1

I use: Elasticsearch 7.7 , Kibana 7.7

For example, lets take two indexes:

User index with simple mapping:

PUT /user_index
{
  "mappings": {
    "properties": {
      "user_id":    { "type": "text" },
      "user_phone":    { "type": "text" },
      "name":   { "type": "text"  }     
    }
  }
}

Check with simple mapping:

PUT /check_index
{
  "mappings": {
    "properties": {
      "user_id":    { "type": "text" },  
      "price":   { "type": "integer"  },
      "goods_count":  {"type": "integer"}
    }
  }
}

I want to build table visualization like that:

________________________________________________________________________
  user_id  |   user_phone  | average_price       |    sum_goods_count  |
___________|_______________|_____________________|______________________
     1     |       123     |       512           |         64          |
___________|_______________|_____________________|______________________
     2     |       456     |       256           |         16          | 
___________|_______________|_____________________|______________________

So my questions are:

  1. Is it real?

  2. Do I understand correctly that I need to query these two indexes, get a list of users, and then in a loop create shopping carts with checks?

ArtSav
  • 132
  • 1
  • 10
  • what is the use of `user_index` in getting your expected output? Because the fields that your expected output contains are present in `check_index` also. – ESCoder Sep 17 '20 at 10:24
  • @Bhavya Gupta, This is just an example, the real challenge is much more complex and I need to build a table with fields from both indices.
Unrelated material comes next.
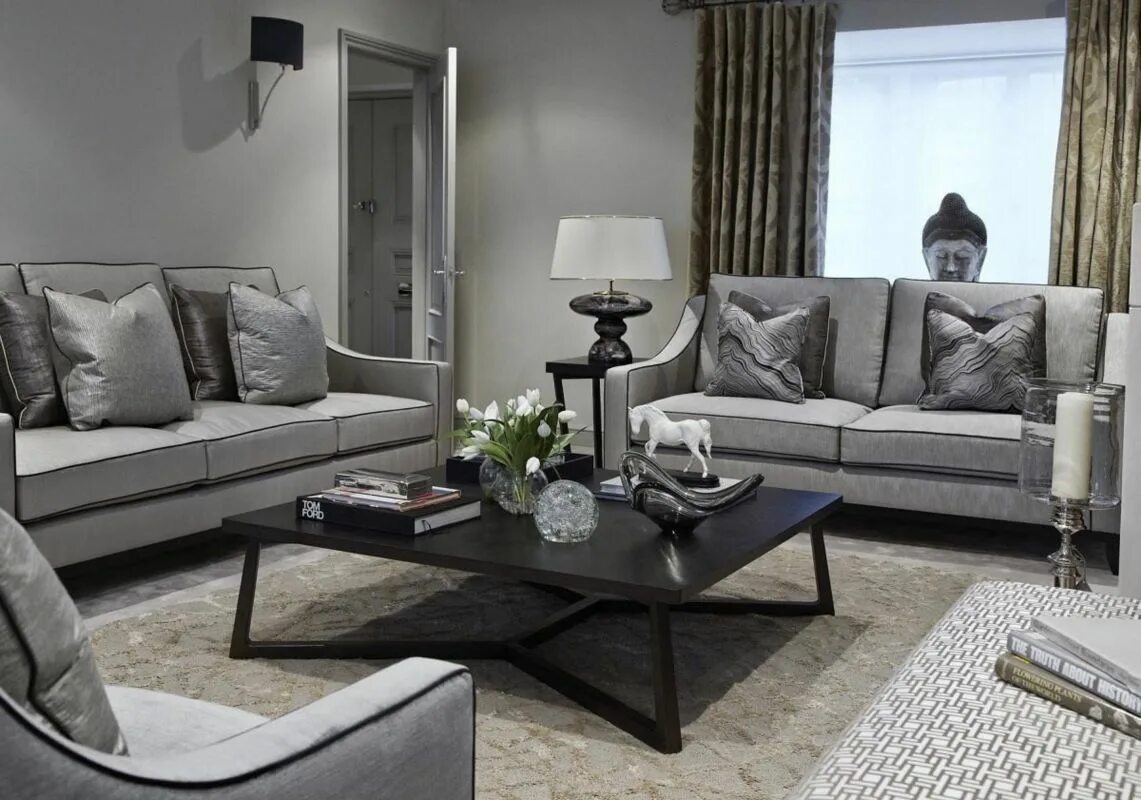 Диван серый. Серый диван в интерьере. Серый диван в гостиной. Диван в интерьере гостиной.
I was hoping that someone would be able to give me an idea of how to implement it or how to approach this problem. – ArtSav Sep 17 '20 at 10:31

1 Answers1

2

First thing first, you should try to de-normalize data in ES as much as possible to get the best performance and capability offered by it, And I went through the samples provided by you and comments in the question and it seems it can be easily achieved in your use-case and shown in below example, by combining user and check index into single index.

Index mapping

{
    "mappings": {
        "properties": {
            "user_id": {
                "type": "text",
                "fielddata": "true"
            },
            "price": {
                "type": "integer"
            },
            "goods_count": {
                "type": "integer"
            }
        }
    }
}

Index Data:

With the index mapping defined above, index these three documents, where one document is having "user_id":"1" and 2 documents have "user_id":"2"

{
    "user_id":"1",
    "price":500,
    "goods_count":100
}
{
    "user_id":"2",
    "price":500,
    "goods_count":100
}
{
    "user_id":"2",
    "price":100,
    "goods_count":200
}

Search Query:

Refer to ES official documentation on Terms Aggregation, Top Hits aggregation, Sum aggregation and Avg aggregation to get detailed explanation.

{
  "size": 0,
  "aggs": {
    "user": {
      "terms": {
        "field": "user_id"
      },
      "aggs": {
        "top_user_hits": {
          "top_hits": {
            "_source": {
              "includes": [
                "user_id"
              ]
            }
          }
        },
        "avg_price": {
          "avg": {
            "field": "price"
          }
        },
        "goods_count": {
          "sum": {
            "field": "goods_count"
          }
        }
      }
    }
  }
}

Search Result:

{
  "took": 10,
  "timed_out": false,
  "_shards": {
    "total": 1,
    "successful": 1,
    "skipped": 0,
    "failed": 0
  },
  "hits": {
    "total": {
      "value": 3,
      "relation": "eq"
    },
    "max_score": null,
    "hits": [
      
    ]
  },
  "aggregations": {
    "user": {
      "doc_count_error_upper_bound": 0,
      "sum_other_doc_count": 0,
      "buckets": [
        {
          "key": "2",
          "doc_count": 2,
          "top_user_hits": {
            "hits": {
              "total": {
                "value": 2,
                "relation": "eq"
              },
              "max_score": 1.0,
              "hits": [
                {
                  "_index": "stof_63925596",
                  "_type": "_doc",
                  "_id": "2",
                  "_score": 1.0,
                  "_source": {
                    "user_id": "2"
                  }
                },
                {
                  "_index": "stof_63925596",
                  "_type": "_doc",
                  "_id": "3",
                  "_score": 1.0,
                  "_source": {
                    "user_id": "2"
                  }
                }
              ]
            }
          },
          "avg_price": {
            "value": 300.0
          },
          "goods_count": {
            "value": 300.0
          }
        },
        {
          "key": "1",
          "doc_count": 1,
          "top_user_hits": {
            "hits": {
              "total": {
                "value": 1,
                "relation": "eq"
              },
              "max_score": 1.0,
              "hits": [
                {
                  "_index": "stof_63925596",
                  "_type": "_doc",
                  "_id": "1",
                  "_score": 1.0,
                  "_source": {
                    "user_id": "1"
                  }
                }
              ]
            }
          },
          "avg_price": {
            "value": 500.0
          },
          "goods_count": {
            "value": 100.0
          }
        }
      ]
    }
  }
}

As you can see in the search results above, for "user_id":"2" the average price is (500+100)/2 = 300 and sum of goods_count is 100+200 = 300.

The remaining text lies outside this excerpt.